La clausola di irripetibilità dei canoni riscossi dal concedente, la cui previsione convenzionale è contemplata dallo stesso art. 1526 cod. civ., comma 2 (con conseguente potere riduttivo del giudice “secondo le circostanze”), è da qualificarsi come clausola penale, giacchè volta alla predeterminazione del danno risarcibile nell’ipotesi di risoluzione per inadempimento dell’utilizzatore (cosi specificamente Cass. n. 2909 del 1996, cit., e Cass., 17 luglio 2008, n. 19697, non massimata; nella medesima prospettiva, Cass., 2 marzo 2007, n. 4969; Cass., 28 agosto 2007, n. 18195 del 2007 e n. 4969 del 2007 Cass., 17 gennaio 2014, n. 888).

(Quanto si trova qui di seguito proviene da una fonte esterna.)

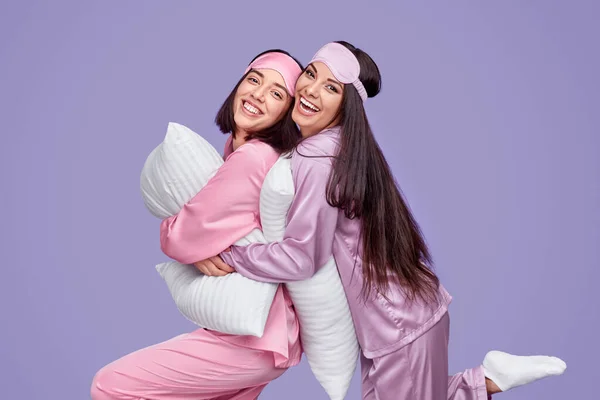 Delighted best friends hugging during slumber party — ストック写真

Ed è principio consolidato (Cass., 25 gennaio 1997, n. 771; Cass., 15 ottobre 2007, n. 21587; Cass., 24 aprile 2008, n. 10741) giova ancora precisarlo, quello per cui, in assenza di richiesta di applicazione della clausola penale, non può di ufficio il giudice statuire su di essa, neanche a seguito della pronuncia di risoluzione del contratto, attesa la natura autonoma della domanda di pagamento della penale, rispetto a quella di risoluzione contrattuale (autonomia che si apprezza anche rispetto alla domanda di risarcimento del danno).
L’operatività della clausola penale è, dunque, rimessa esclusivamente all’iniziativa della parte e, pertanto, al di là del fatto che essa integri solitamente una domanda, ove in ipotesi si presti a paralizzare una diversa e contrapposta pretesa, essa non può essere annoverata tra le eccezioni in senso lato, bensì nelle eccezioni in senso stretto, sottratte al rilievo officioso del giudice e disciplinate, invece, dall’art. 112 cod. proc. civ.
La decisone oggi in commento, in buona sostanza, dovrà essere letta anche con il richiamo e la giusta considerazione dei principi come esposti dai giudici della legge.